For the full type system, see ast.ts

Static type checking with TypeScript

When used in TypeScript, the operand types, immediate types and result types of opcode and compound instructions are checked at compile time. For instance, say that we're converting a certain code path from i32 to i64 and forget something:

i64.eq(i64.const(1), i32.const(3))

Then the TypeScript compiler will complain:

error TS2345: Argument of type 'Op' is not assignable to parameter of type 'Op'. Type 'I64' is not assignable to type 'I32'. Property '_I32' is missing in type 'I64'.

We can correct the error by replacing i32.const(3) with i64.const(3) in this case since the i64.eq function has the type signature (i64, i64) i32.

emit

AST nodes has the ability to efficiently produce its corresponding WASM bytecode through the Emittable interface:

interface Emittable {
  emit(e :Emitter) :Emitter
}

Which takes an Emitter as its parameter and returns a potentially different Emitter which reflects the state after emitting code for the callee node.

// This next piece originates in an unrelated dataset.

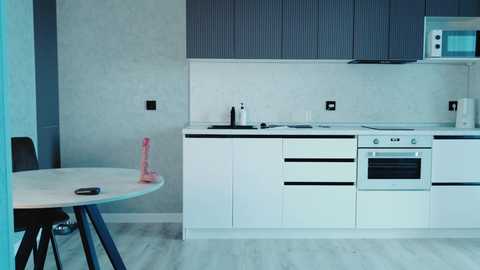 Media: A minimalist kitchen video featuring white cabinets, a black stove, and a round wooden table with a pink dildo on it, against a light gray wall.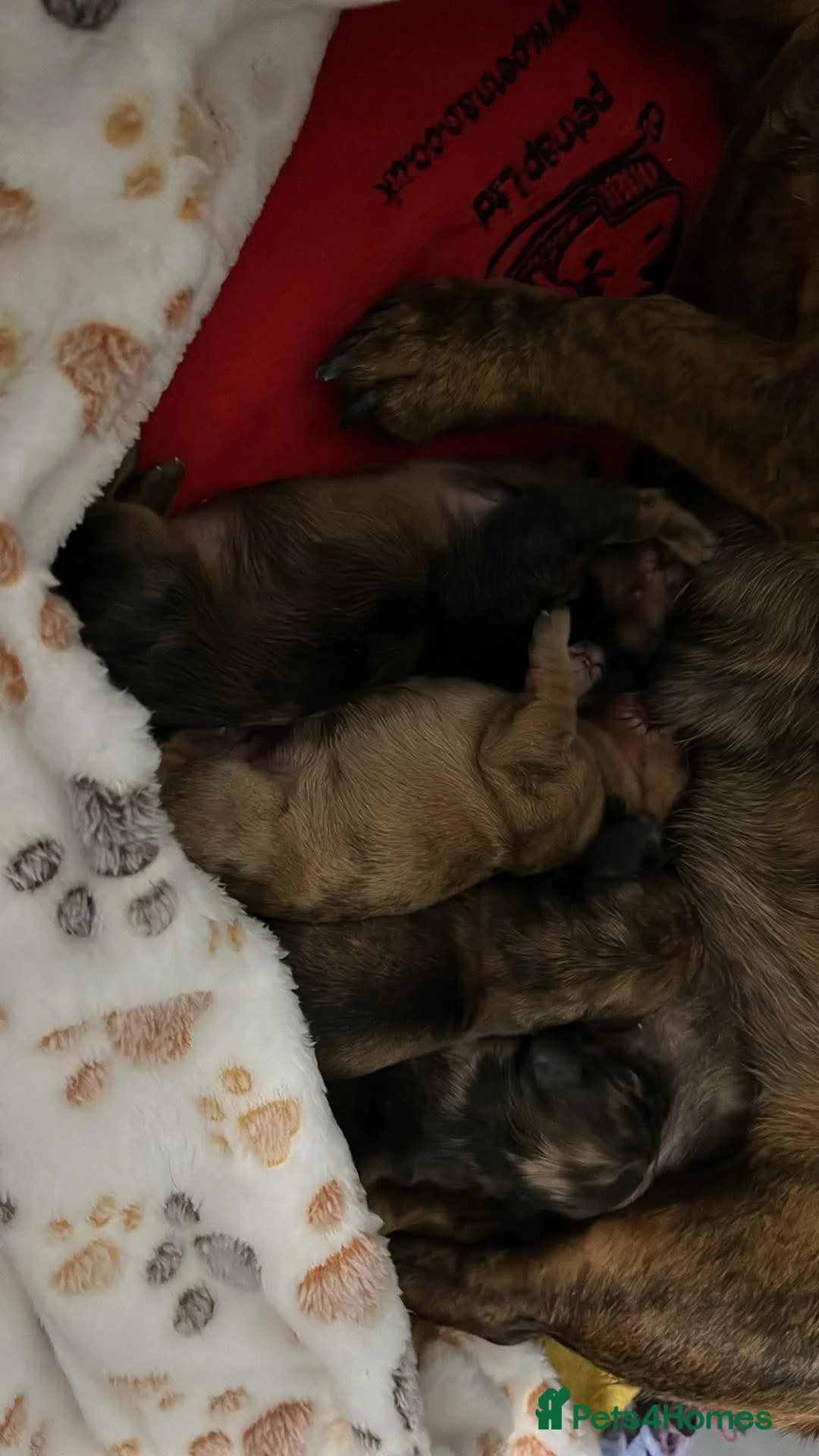 Dachshund dogs for sale: Miniature smooth coated dachshund  - Advert 2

The Emitter interface looks like this:

interface Emitter {
  writeU8(v :uint8) :Emitter
  writeU16(v :uint16) :Emitter
  writeU32(v :uint32) :Emitter
  writeF32(v :float32) :Emitter
  writeF64(v :float64) :Emitter
  writeBytes(v :ArrayLike<uint8>) :Emitter
}

Each modifying operation returns a potentially different Emitter which is the result of the receiver + modifications, thus modifying operations should be called like this:

e = e.writeU32(1)
e = e.writeU32(2)

However NOT like this:

e.writeU32(1)
e.writeU32(2)
// e represents same state as before `e.writeU32(1)`

This interface makes it possible to implement emitters with immutable persistent data structures.

A concrete implementation of an Emitter is provided by emit which writes to an ArrayBuffer:

class BufferedEmitter implements Emitter {
  readonly buffer :ArrayBuffer
  readonly view   :DataView
           length :uint32
  constructor(buffer :ArrayBuffer)
}

repr

repr has the ability to generate human-readable text representations of AST nodes.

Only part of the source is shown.